TASK STATEMENT: All of the data below should be printed again word for word, pictures excluded.

SUPPLIED INFORMATION:

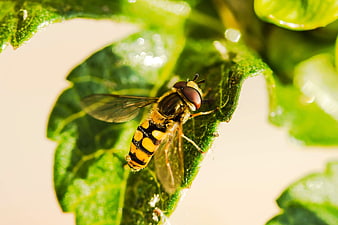 Close-up of a Hoverfly on a Green Leaf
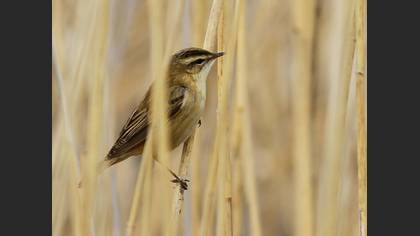 Tanımsız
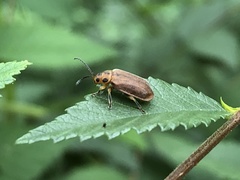 Xanthogaleruca aenescens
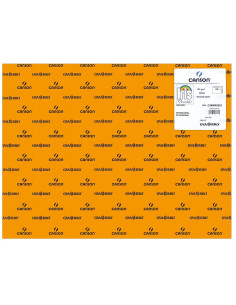 CARTULINA CANSON 50x65... 2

THE COMPLETED TASK:
 Close-up of a Hoverfly on a Green Leaf
 Tanımsız
 Xanthogaleruca aenescens
 CARTULINA CANSON 50x65... 2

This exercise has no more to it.